%%

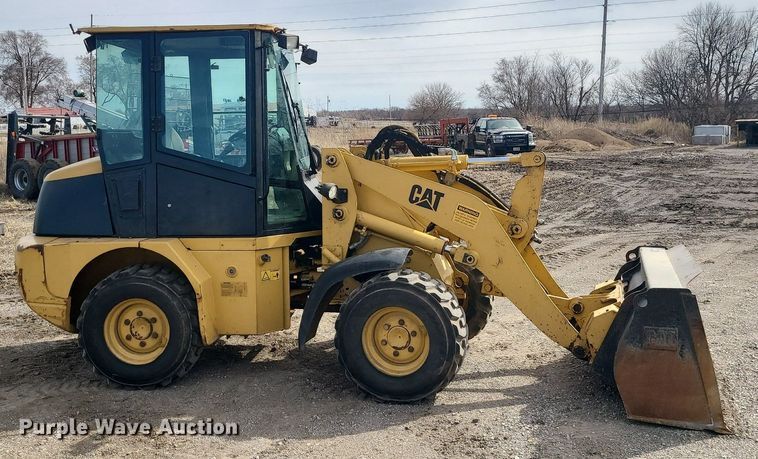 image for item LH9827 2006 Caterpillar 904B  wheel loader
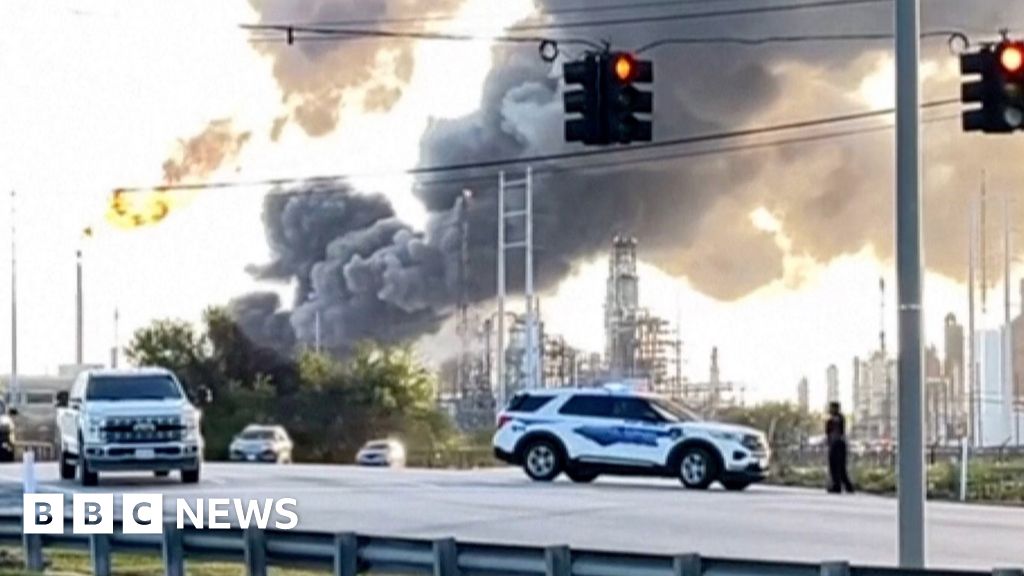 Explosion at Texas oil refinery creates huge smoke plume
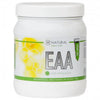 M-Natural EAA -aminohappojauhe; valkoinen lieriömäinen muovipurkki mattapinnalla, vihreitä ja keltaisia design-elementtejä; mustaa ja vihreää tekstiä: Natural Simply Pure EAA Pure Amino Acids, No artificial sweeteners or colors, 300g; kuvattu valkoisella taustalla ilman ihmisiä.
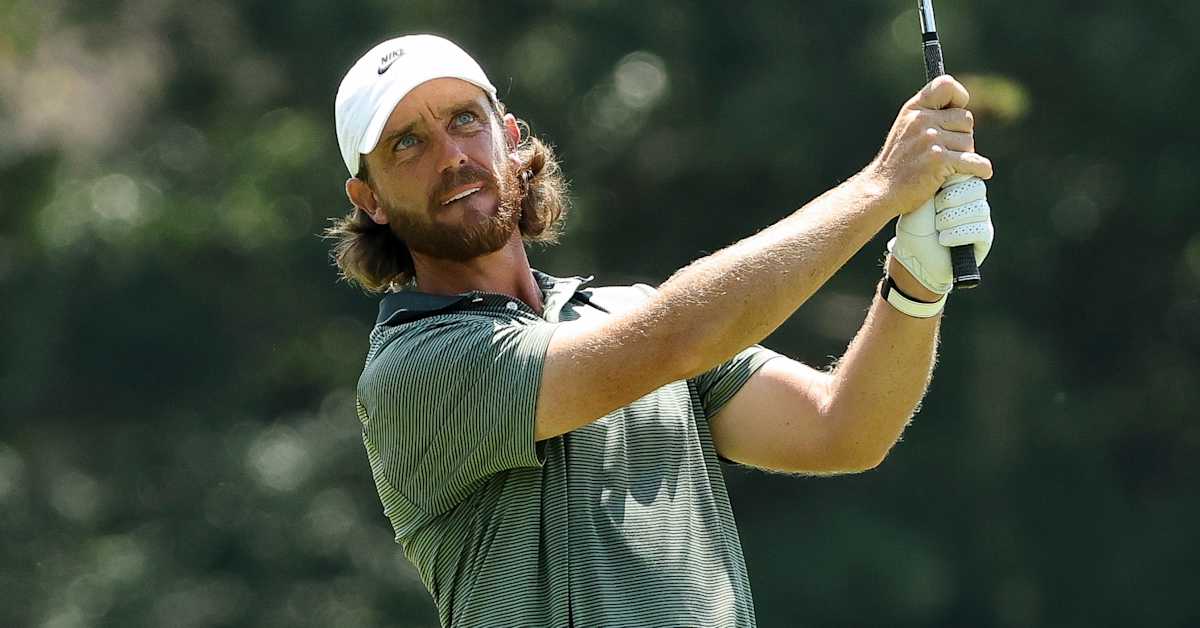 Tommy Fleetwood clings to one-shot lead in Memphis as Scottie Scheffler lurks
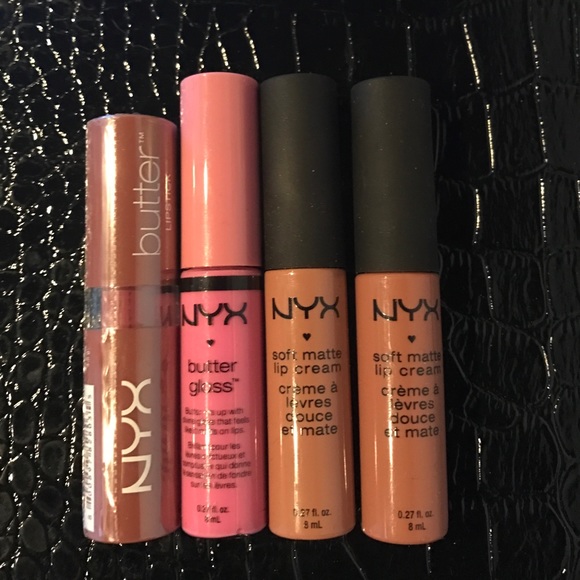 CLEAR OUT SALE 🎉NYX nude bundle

%%
%%

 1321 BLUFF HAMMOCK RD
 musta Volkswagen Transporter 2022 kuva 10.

%%
%%

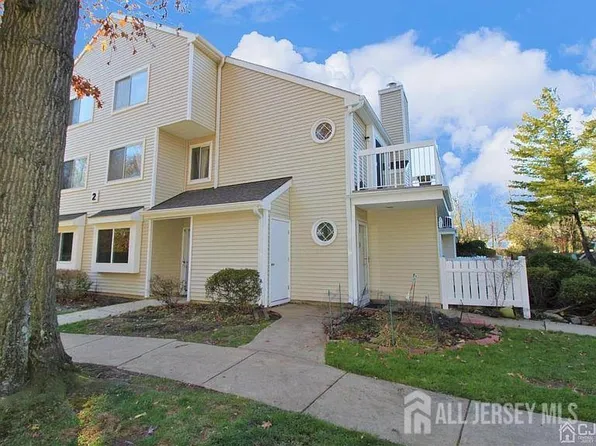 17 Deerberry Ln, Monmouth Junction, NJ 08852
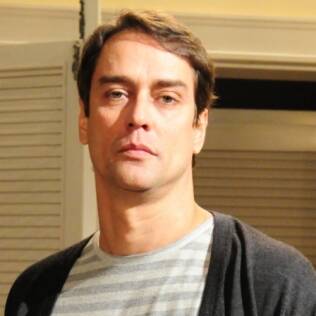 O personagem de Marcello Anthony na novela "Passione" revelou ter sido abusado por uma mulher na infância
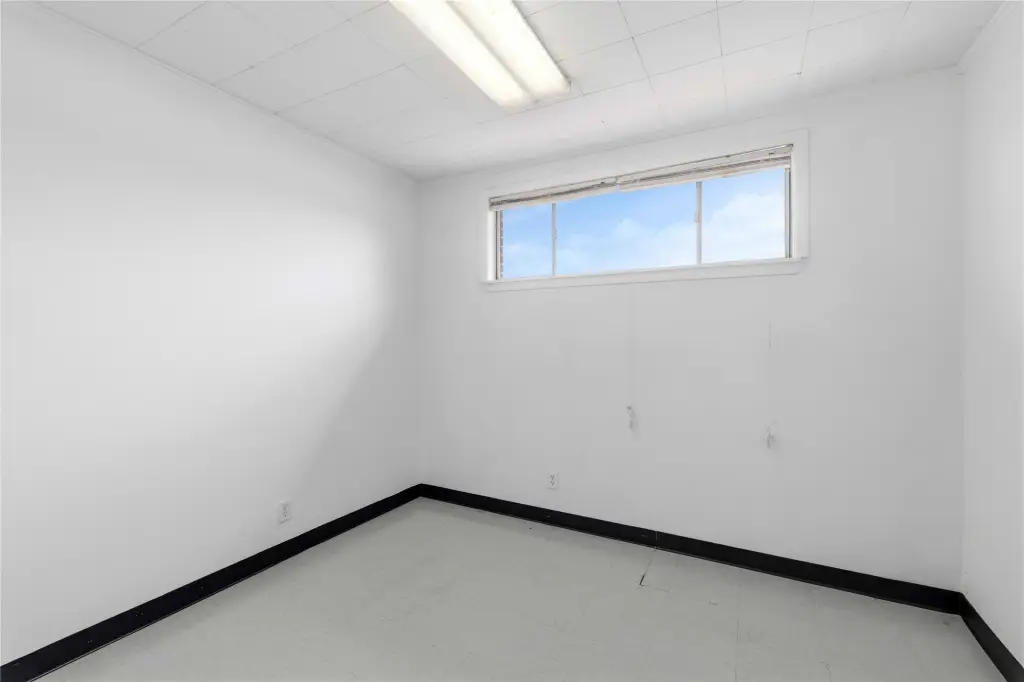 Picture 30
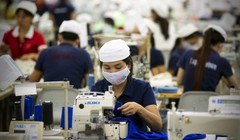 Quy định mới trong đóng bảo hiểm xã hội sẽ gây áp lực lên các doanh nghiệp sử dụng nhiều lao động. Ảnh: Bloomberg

%%

Look above for the line with "image for item" and the line with "Tommy Fleetwood clings", then copy them and all lines in between exactly as written, and only those, without any pictures.

 image for item LH9827 2006 Caterpillar 904B  wheel loader
 Explosion at Texas oil refinery creates huge smoke plume
 M-Natural EAA -aminohappojauhe; valkoinen lieriömäinen muovipurkki mattapinnalla, vihreitä ja keltaisia design-elementtejä; mustaa ja vihreää tekstiä: Natural Simply Pure EAA Pure Amino Acids, No artificial sweeteners or colors, 300g; kuvattu valkoisella taustalla ilman ihmisiä.
 Tommy Fleetwood clings to one-shot lead in Memphis as Scottie Scheffler lurks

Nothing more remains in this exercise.